I sympathize with your points.  The syntax ,(name ?x) is what
Mike told me to write in KIF.  His reasoning is roughly what I
summarized in my previous note, and it is strongly influenced by
the desire to allow KIF to be parsed by the Common Lisp reader.
Since KIF is a new language that will be processed by many systems
that are not using Lisp at all, I don't believe that is a strong
argument.  However, I will leave that issue to the KIF designers 
to decide.  My primary concern is to make sure that I can translatee
conceptual graphs to and from KIF in a fairly straightforward way.

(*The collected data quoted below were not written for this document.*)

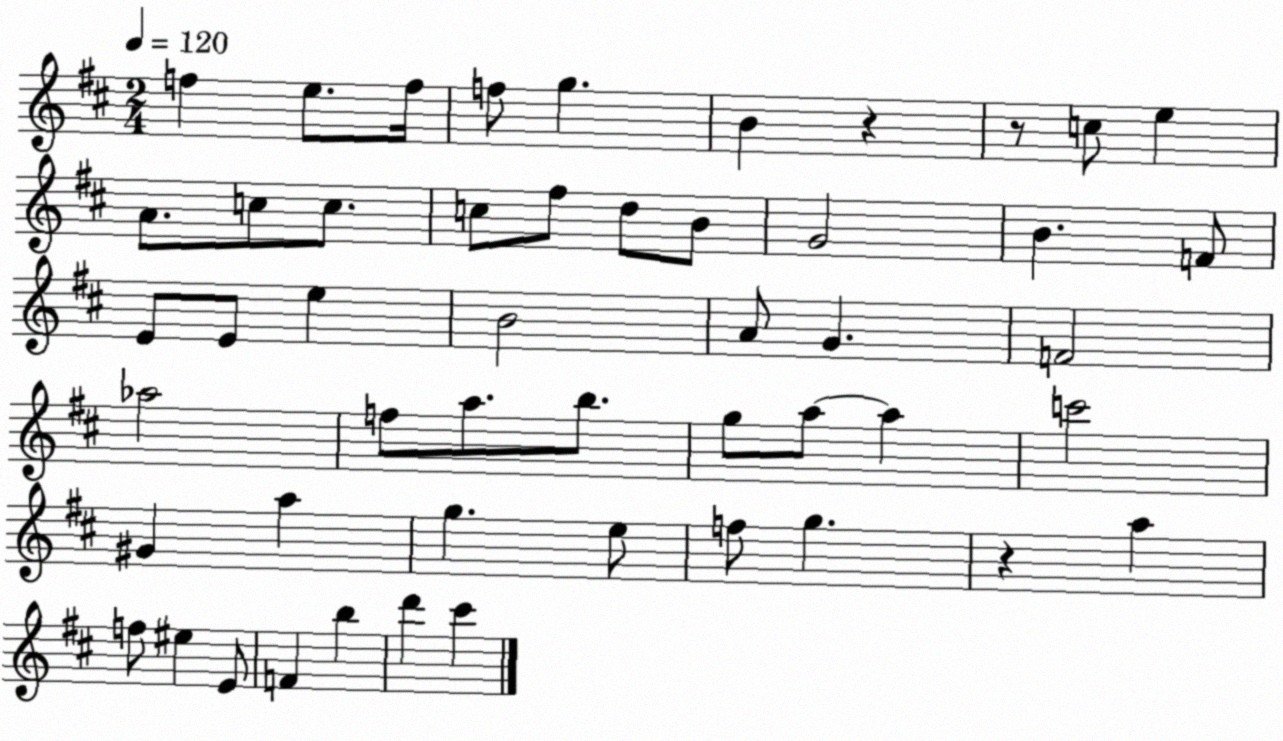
X:1
T:Untitled
M:2/4
L:1/4
K:D
f e/2 f/4 f/2 g B z z/2 c/2 e A/2 c/2 c/2 c/2 ^f/2 d/2 B/2 G2 B F/2 E/2 E/2 e B2 A/2 G F2 _a2 f/2 a/2 b/2 g/2 a/2 a c'2 ^G a g e/2 f/2 g z a f/2 ^e E/2 F b d' ^c'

Re propositions:  I define a proposition to be an equivalence class
of statements in one or more languages.  Given formal languages
L1 and L2, each with its own rules of inference and with mappings
Mij from Li to Lj, assume the following conditions on the mappings:

 1. Mij is defined for every statement in language Li, but it does
    not necessarily cover all of language Lj.

 2. Therefore, the concatenated mapping MijMji maps Li to a subset
    of Li.

 3. If a statement s in any language Li is mapped into any other
    language Lj and then back to Li, the result Mji(Mij(s)) is
    provably equivalent to s by the rules of inference of Li.

 4. If s in Li is mapped to Lj and back again, the collection of
    nonlogical predicates in s and Mji(Mij(s)) must be identical.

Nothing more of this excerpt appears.